I have been searching, off and on, for some official insight into how faith impacts dementia – specifically, whether being a born-again Christian makes the plunge into deep forgetfulness an experience as peace-filled and perhaps even joyous as it does any other experience in life.
I believe that it does indeed. But my evidence is totally anecdotal, based on what I’ve seen as a nursing home volunteer over the last 13+ years.
So I’ve conducted lengthy searches here and there, now and then, on the internet. And to my amazement, have found virtually nothing on the subject.
We live in a nation where 10% of those over 65 will develop the form of dementia known as Alzheimer’s; if we live to 85, our chances of developing it are apparently 50/50. We also live in a nation where roughly 76% self-identify as Christian, according to the U.S. Census Bureau.

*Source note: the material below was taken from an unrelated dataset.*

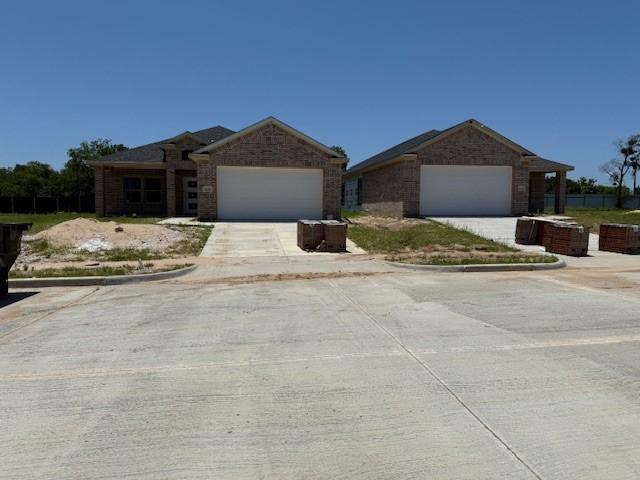 10185 Budtime Ln, Dallas, TX 75217 - ranch-style house with brick siding, a garage, concrete driveway, and a front yard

Wouldn’t you think some clinician somewhere in these United States would be interested enough to investigate how our faith impacts something as devastating as slipping into dementia?

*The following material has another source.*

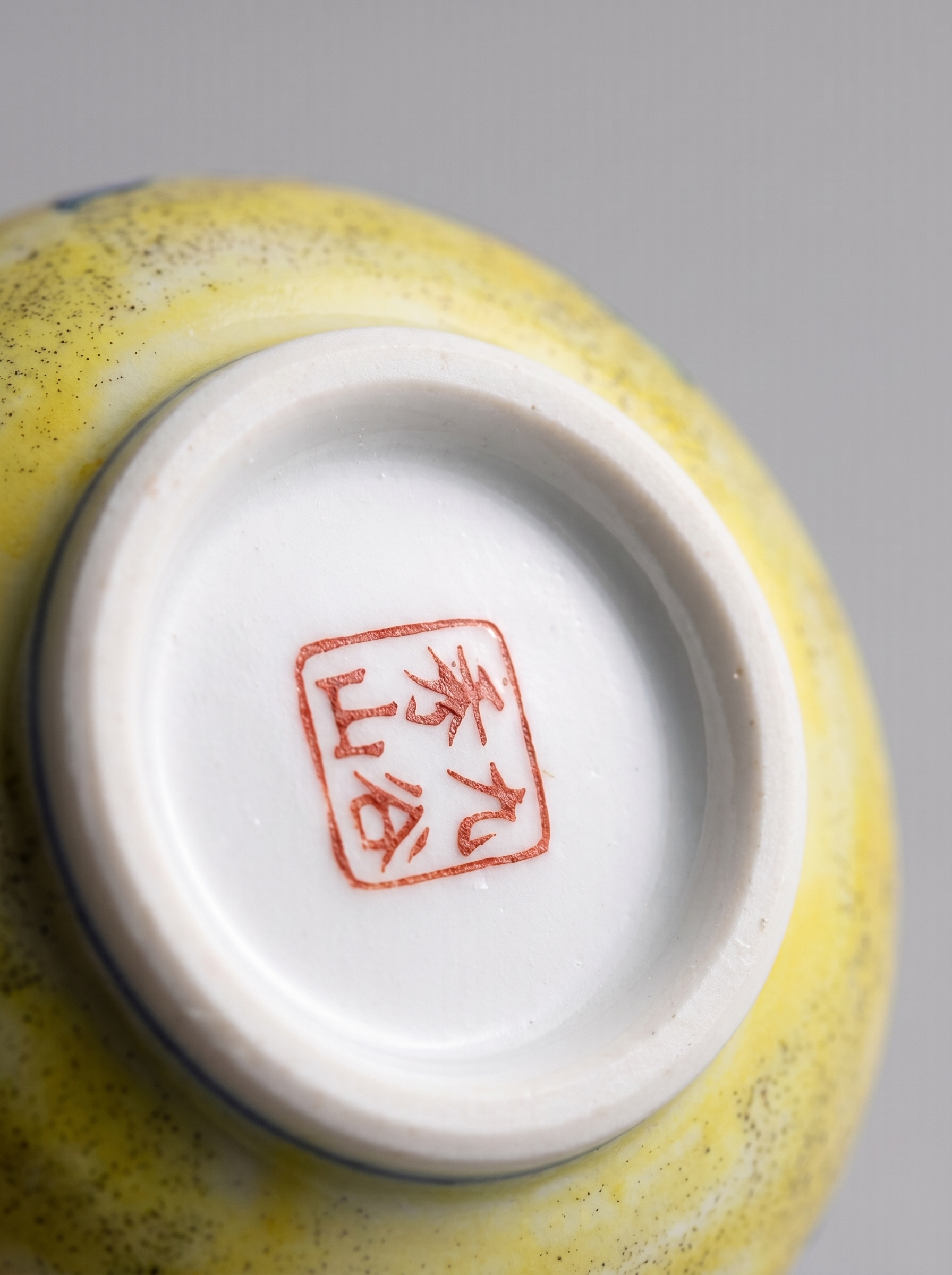 Close-up of a ceramic bowl with a yellow glaze and red seal mark on a gray background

I looked again recently, starting out with www.scholar.google.com, where I do a lot of searching of medical-journal articles for my daily work. I found almost nothing there, medically speaking, which seems impossible; I must go back and try again using different search terms.
I did find lots of plain ol’ web listings purporting to address this issue – more than 5.7 million of them, with a simple search for combinations of words such as Alzheimer's, faith and truth.
There was a nicely written article headlined, “Yes, Faith Does Change the Alzheimer’s Journey.” It was written by a woman whose mother had Alzheimer’s. But she really didn’t address how it impacted her mother. She just said that she was on a personal pilgrimage of some sort, and then realized that this wasn’t about her, but about her mother, who was after all the one with the disease. So no insights there.
There was another article outlining the search for “dementia and a resurrection theology.” I think it was promoting the use of religious ritual to help the senile find themselves again. According to this article, such “very familiar practices” as communion “witness to the spiritual meaning of a person’s life.” Whatever that means. Is it ritual that gives our lives “spiritual meaning,” or reflects the “spiritual meaning” of our lives? A strange teaching.
The Alzheimer’s Association has posted dozens of links to pages entitled “Walking in Faith,” or some variation thereof. But they don’t seem to have anything to do with Christian faith; I’m not sure what the point is, except that the Association seems to be reaching out to churches for support.
I did find one intriguing report. Published in 2010, its abstract describes a very small study of just 64 Alzheimer’s patients, with two tests conducted 12 months apart. The researchers' conclusion:“Higher levels of religiosity in Alzheimer's dementia seem to correlate with a slower cognitive and behavioral decline, with a corresponding significant reduction of the caregiver's burden.”
Very interesting and worth noting. But still, eventually we all end up at the same place. What I want to know is if peace and joy prevail for Christians, even through the challenges suffered by those with Alzheimer’s.
Have any of you come across this sort of research, dear readers?